[EXERCISE] With the pictures left aside, write out the entries that follow exactly.

Data extracted from a collection:
◇ ◇ ◇
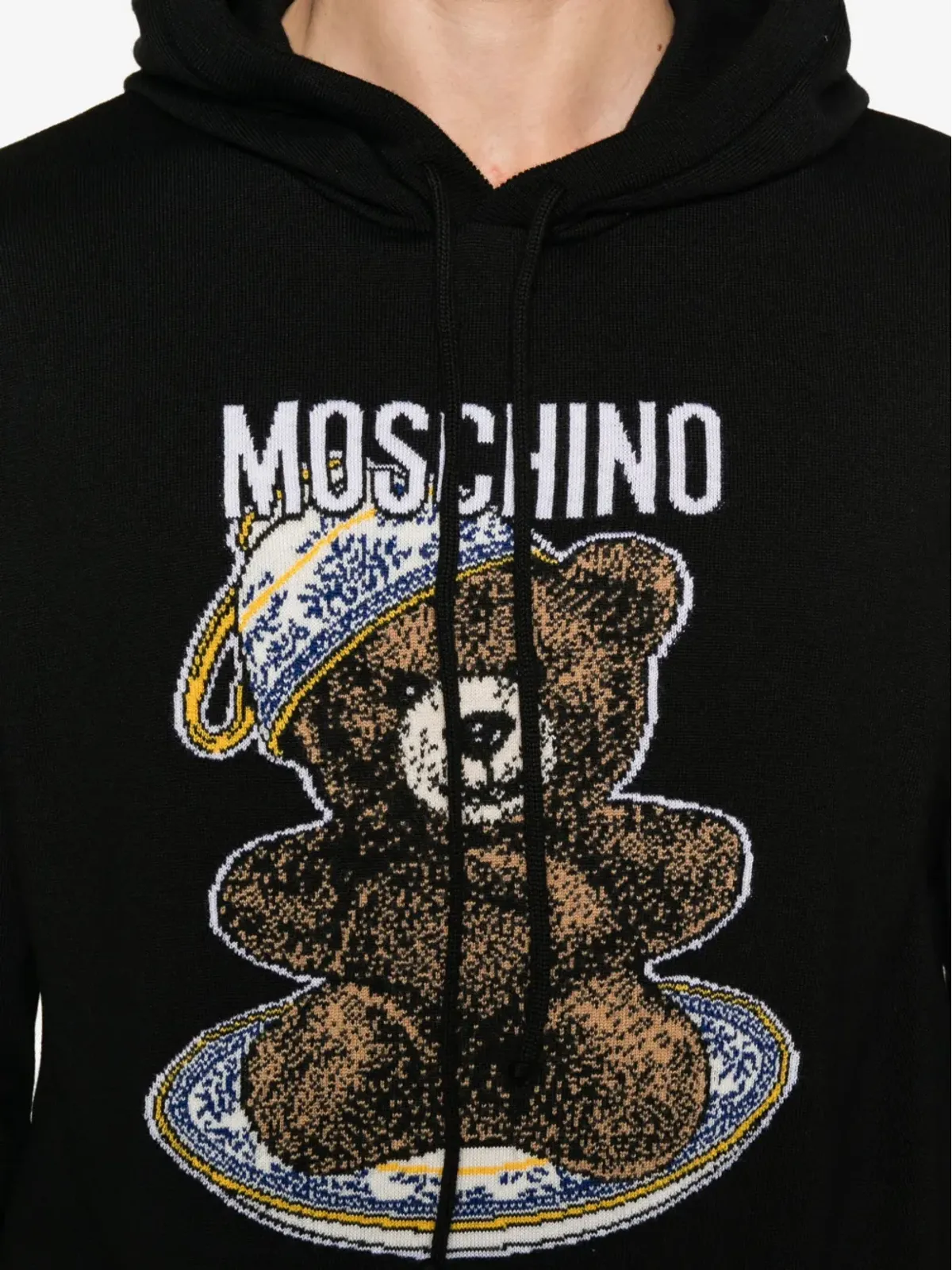 Moschino Teddy Bear-intarsia hoodie - Black - 画像5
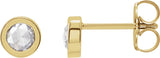 14K Gold Natural Diamond Round Bezel-Set Rose-Cut Stud Earrings - Yellow Gold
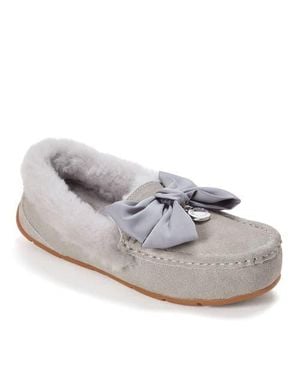 Dearfoams Fireside Mel Dream Bow Moccasin Slippers - Gray
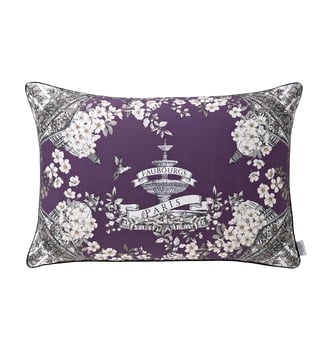 Housse de coussin imprimée en lin, FAUBOURG - Alexandre Turpault - Violet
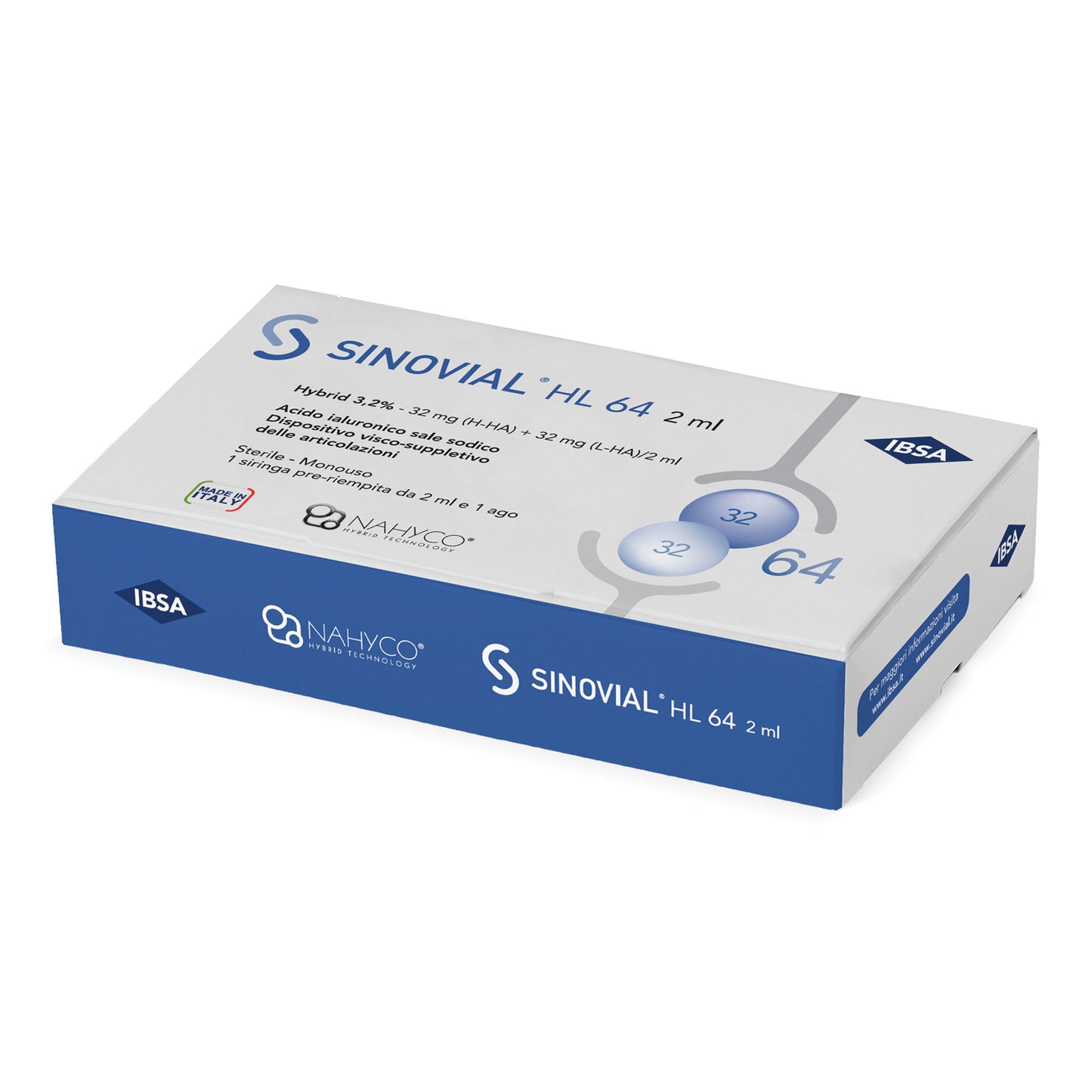 SINOVIAL HL 64 SIRINGA PRERIEMPITA ALL'ACIDO IALURONICO 3,2% 32MG+32MG/2ML 1 PEZZO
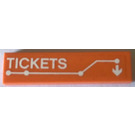 LEGO Orange Tile 1 x 4 with TICKETS and Route pattern Sticker (2431)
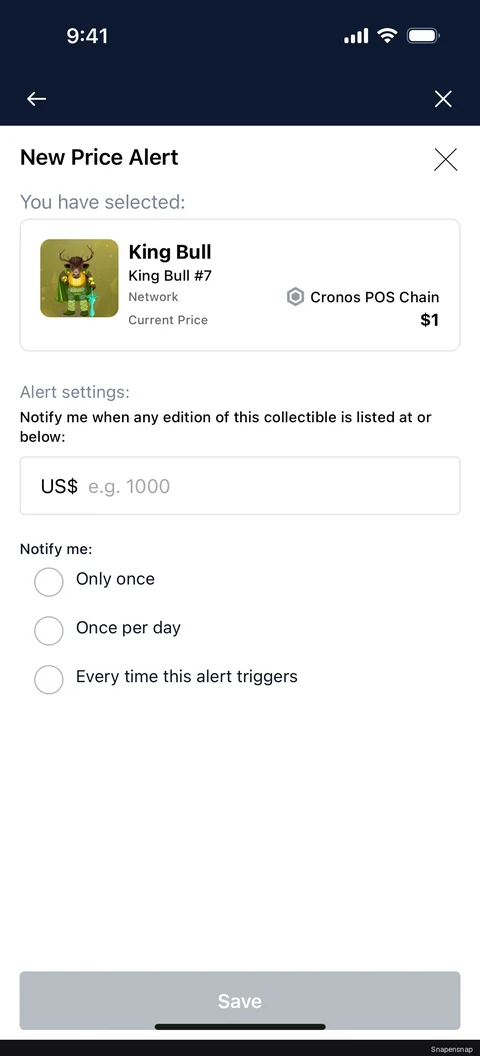 Сценарий: Setting a price alert (NFT) 2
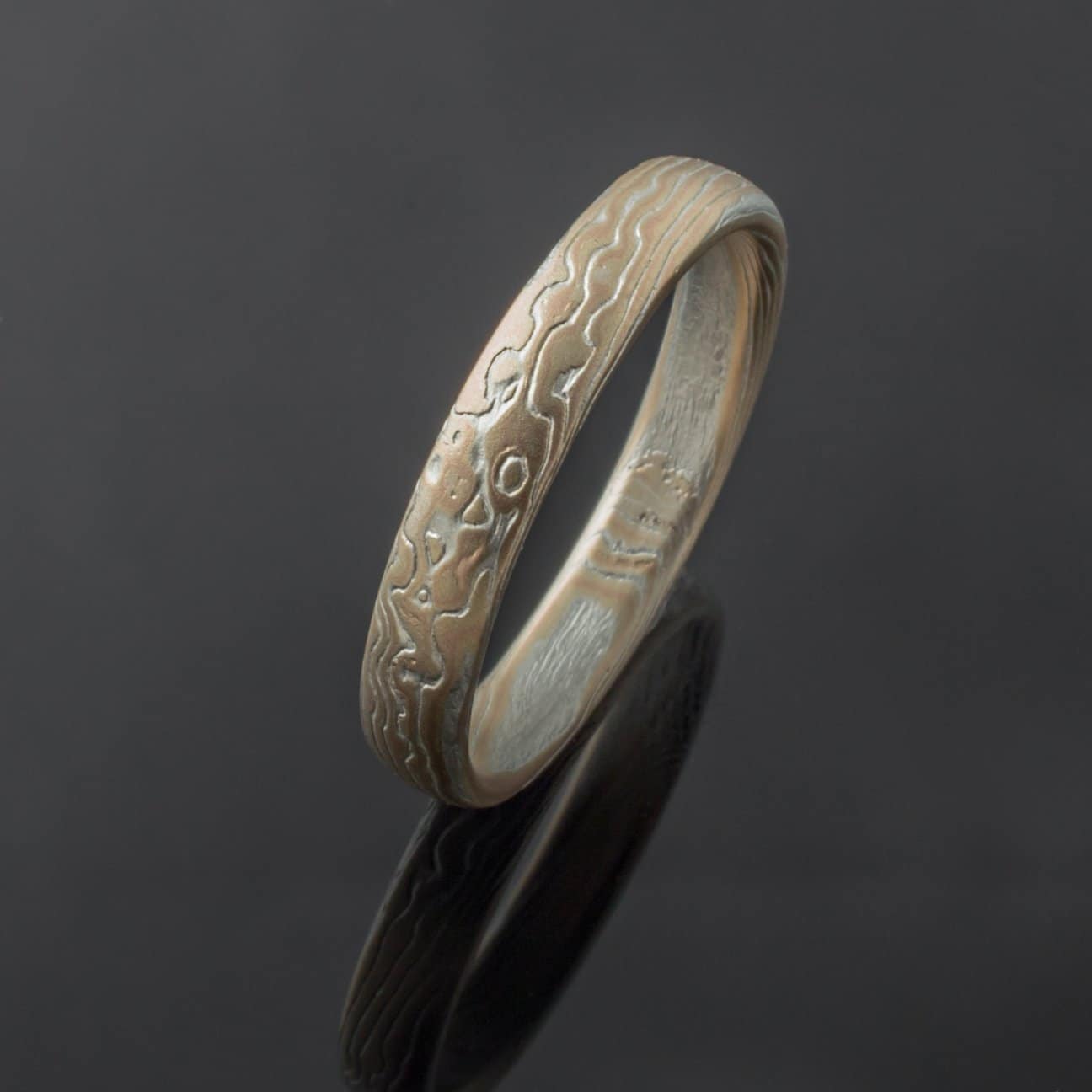 Mokume Gane Wedding Band in Twist/Droplet Pattern - Image 4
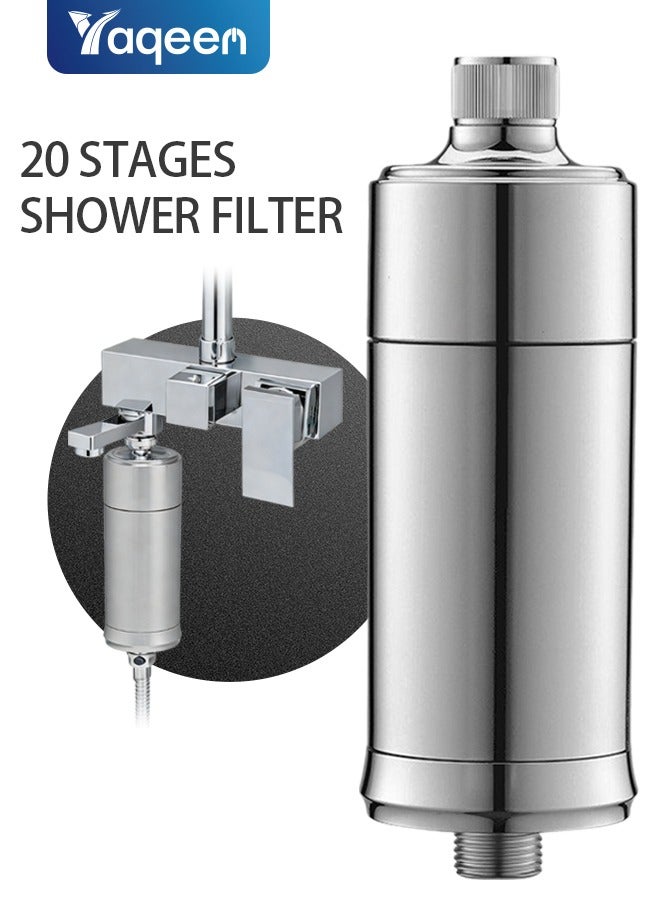 فلتر مياه مدمج للاستحمام، فلتر مياه يناسب جميع الخراطيم والصنابير القياسية، يُنعم الماء العسر ويزيل الكلور والفلورايد بنسبة 99%، للعناية بالبشرة والشعر، سهل التركيب، مُنعم مياه عالمي - Image 1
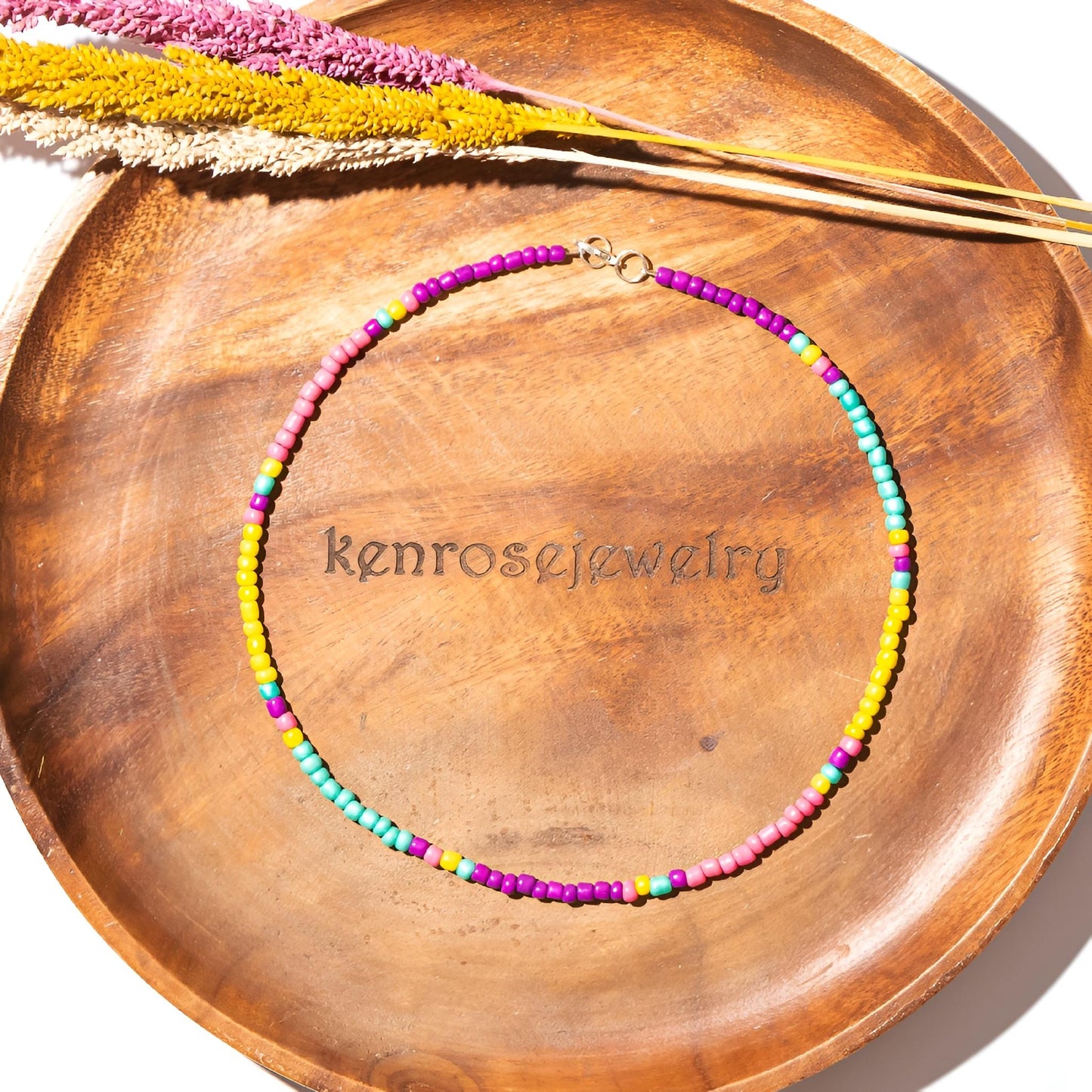 COLOR WHEEL Seed Bead Necklace for Men and Women Summer Beach Accessory Surfers Jewelry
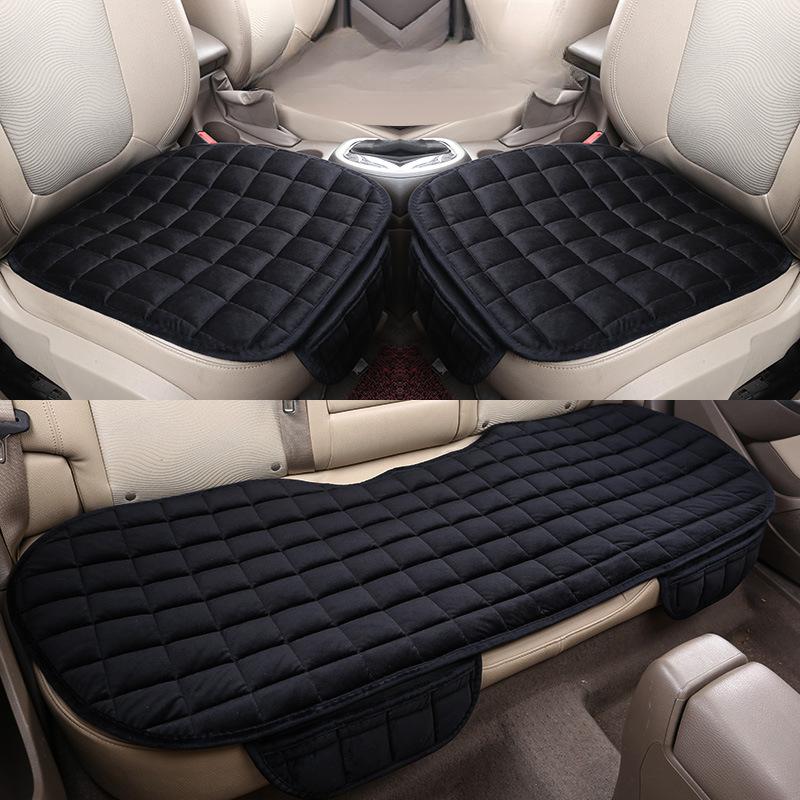 Подушка для сиденья автомобиля универсальная зимняя плюшевая монолитная подушка для короткошерстной собаки комплект из трех частей утолщенная теплая подушка для заднего сиденья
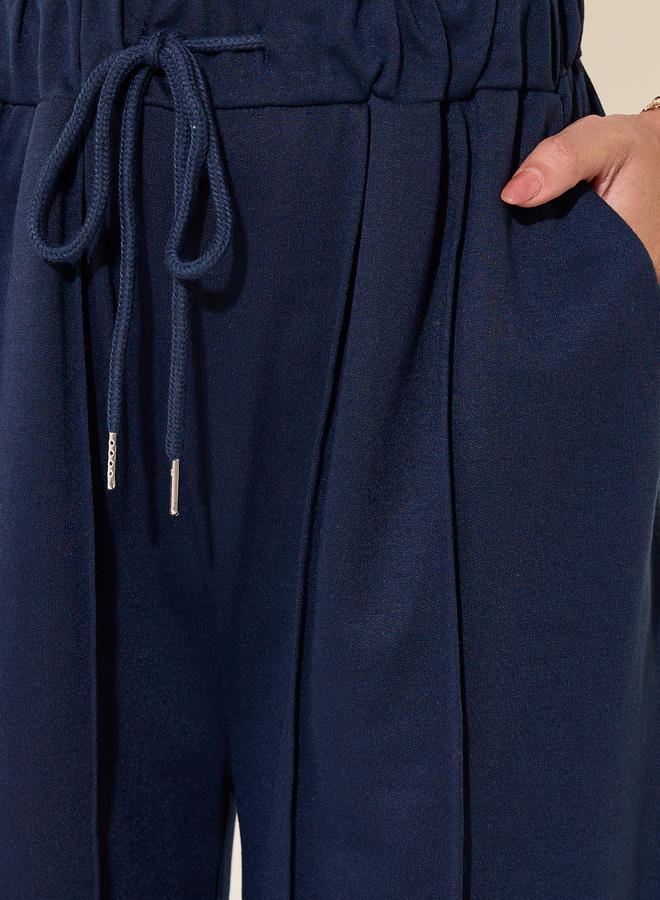 Take Two Solid Mid-Rise Wide Leg Pants with Pintuck Detail  - Image 3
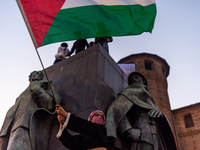 More than 1,000 people march through the center of Turin, Italy, on November 16, 2024, calling for a boycott of Israel and a ceasefire in th...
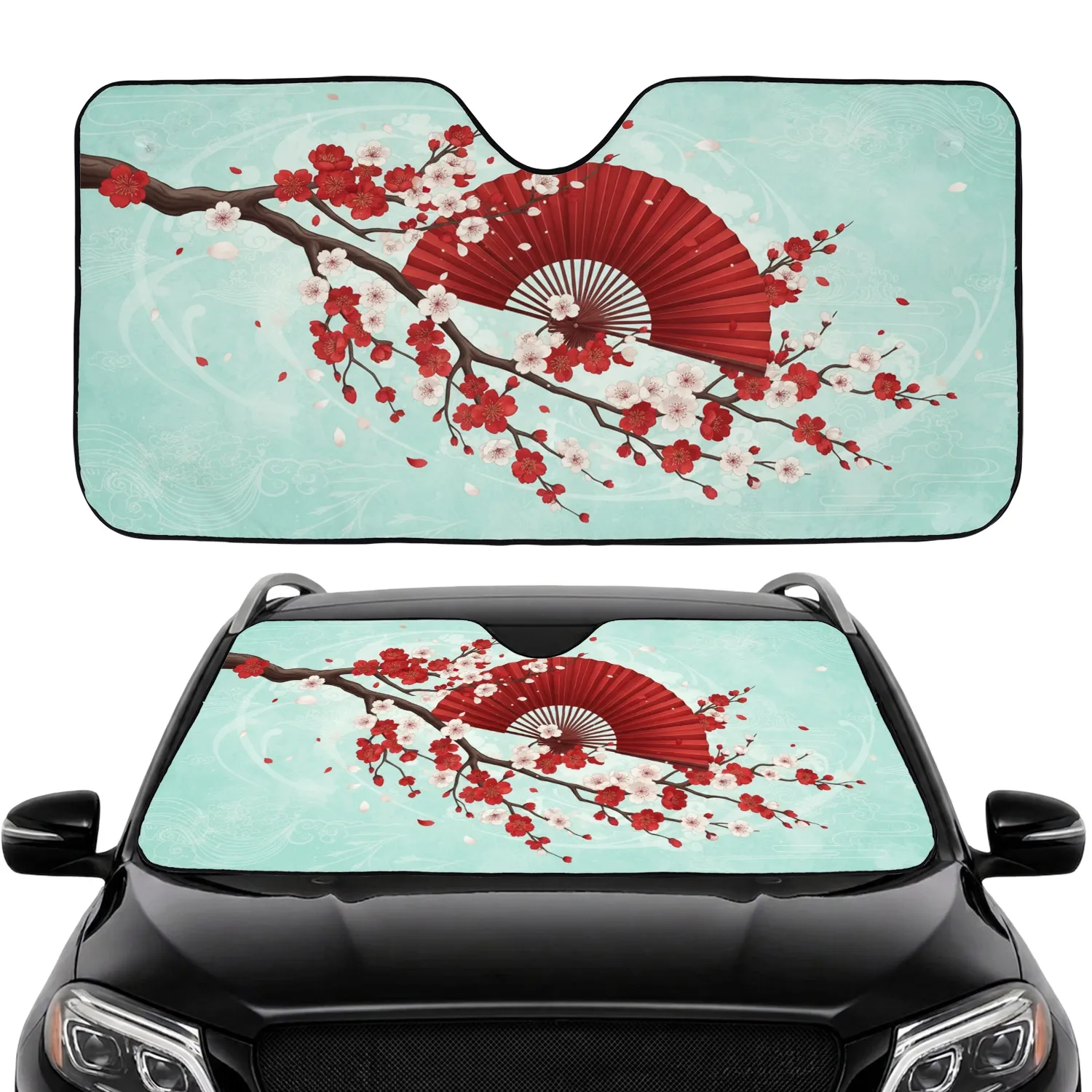 Cherry Blossom Japanese Red Fan - Cultural Lifestyle Car Decor Gift Car Sunshade - 1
◇ ◇ ◇
[RESULT BELOW]
 Moschino Teddy Bear-intarsia hoodie - Black - 画像5
 14K Gold Natural Diamond Round Bezel-Set Rose-Cut Stud Earrings - Yellow Gold
 Dearfoams Fireside Mel Dream Bow Moccasin Slippers - Gray
 Housse de coussin imprimée en lin, FAUBOURG - Alexandre Turpault - Violet
 SINOVIAL HL 64 SIRINGA PRERIEMPITA ALL'ACIDO IALURONICO 3,2% 32MG+32MG/2ML 1 PEZZO
 LEGO Orange Tile 1 x 4 with TICKETS and Route pattern Sticker (2431)
 Сценарий: Setting a price alert (NFT) 2
 Mokume Gane Wedding Band in Twist/Droplet Pattern - Image 4
 فلتر مياه مدمج للاستحمام، فلتر مياه يناسب جميع الخراطيم والصنابير القياسية، يُنعم الماء العسر ويزيل الكلور والفلورايد بنسبة 99%، للعناية بالبشرة والشعر، سهل التركيب، مُنعم مياه عالمي - Image 1
 COLOR WHEEL Seed Bead Necklace for Men and Women Summer Beach Accessory Surfers Jewelry
 Подушка для сиденья автомобиля универсальная зимняя плюшевая монолитная подушка для короткошерстной собаки комплект из трех частей утолщенная теплая подушка для заднего сиденья
 Take Two Solid Mid-Rise Wide Leg Pants with Pintuck Detail  - Image 3
 More than 1,000 people march through the center of Turin, Italy, on November 16, 2024, calling for a boycott of Israel and a ceasefire in th...
 Cherry Blossom Japanese Red Fan - Cultural Lifestyle Car Decor Gift Car Sunshade - 1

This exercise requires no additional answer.